Causes for concern/Possible rollback reasons:
Steps:
Adapted from LMS/Studio Rollback#Code.
Rollback edxapp code from Django 1.11 to Django 1.8
The following migrations would be created by upgrading from Django 1.8 to 1.11:
app | name | django version | edx-platform table? * | notes |
---|---|---|---|---|
admin | 0002_logentry_remove_auto_add | 1.9 | no | This is a DB no-op. |
auth | 0007_alter_validators_add_error_messages | 1.9 | no | Unclear to me if this is a no-op, but it certainly was fast in loadtest. |
auth | 0008_alter_user_username_max_length | 1.10 | no | Super time consuming in loadtest! |
sites | 0002_alter_domain_unique | 1.9 | no | No-op in prod DB because domains are already unique. |
certificates | 0014_change_eligible_certs_manager | <= 1.10 | yes | |
course_modes | 0011_change_regex_for_comma_separated_ints | <= 1.10 | yes | New CSV validation will pass, and this migration will not modify the DB. |
third_party_auth | 0015_remove_icon_class_image_secondary_fields | <= 1.10 | yes | Drops three columns from table "third_party_auth_ltiproviderconfig"; should be super quick since this table is empty in prod. |
* = i.e. is this migration committed to edx-platform codebase.
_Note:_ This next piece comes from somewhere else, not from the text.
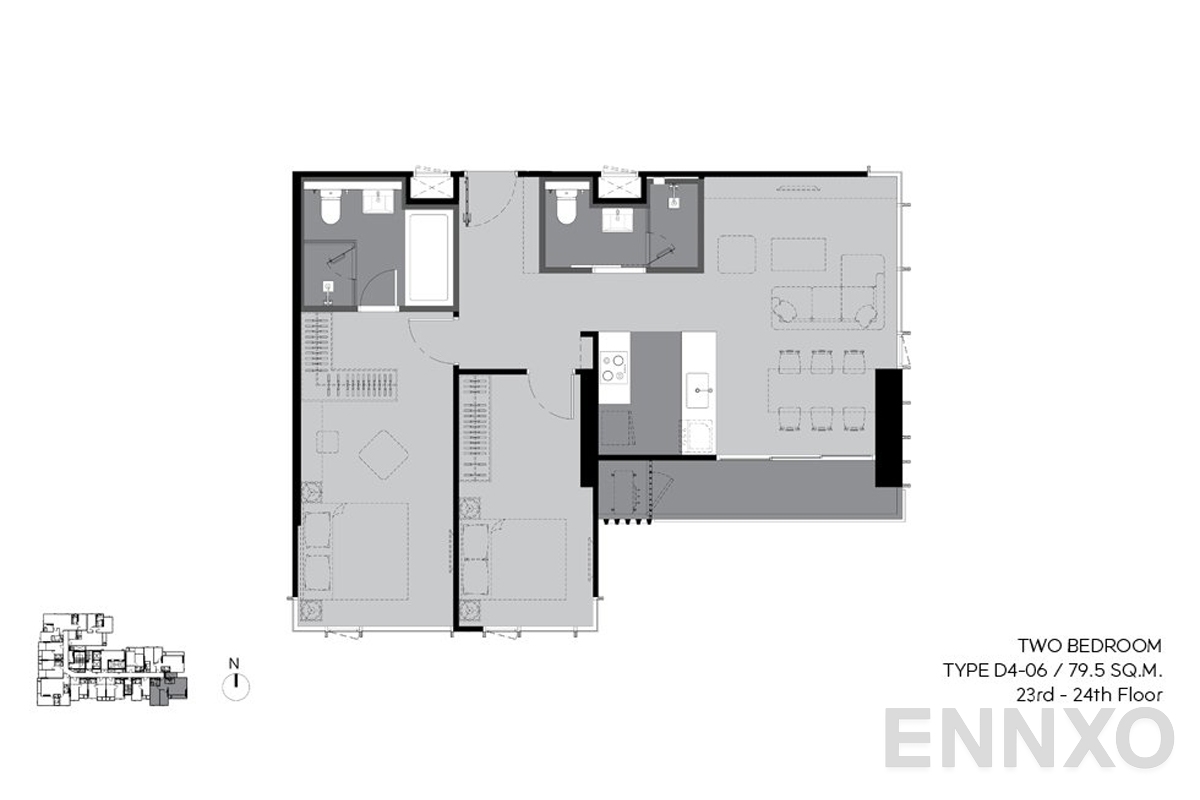 รูปแปลนห้อง d4-06 79.5 sq.m. (23rd-24th floor) ของโครงการ ริทึ่ม เอกมัย เอสเตท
The auth/0008_alter_user_username_max_length migration took over 1 hour in loadtest before we terminated it. This is the SQL corresponding to the migration:
$ ./manage.py lms --settings=aws sqlmigrate auth 0008_alter_user_username_max_length BEGIN; -- -- Alter field username on user -- ALTER TABLE `auth_user` MODIFY `username` varchar(150) NOT NULL; COMMIT; |
This migration causes a temp auth_user table to be rebuilt, all while locking the table. This operation took over an hour in loadtest, presumably because there are so many automatically generated test users. Running this query against an RDS instance restored from a recent prod snapshot took 22 minutes:
The third_party_auth/0015_remove_icon_class_image_secondary_fields migration has rollback implications because it drops columns from a table. According to Everything About Database Migrations, we normally avoid dropping columns, but this migration stems from a model derived from Django itself which we have little control over. Fortunately, this table is currently EMPTY in prod, so In the case of a code rollback back to Django 1.8 this table should be trivial to roll back as well.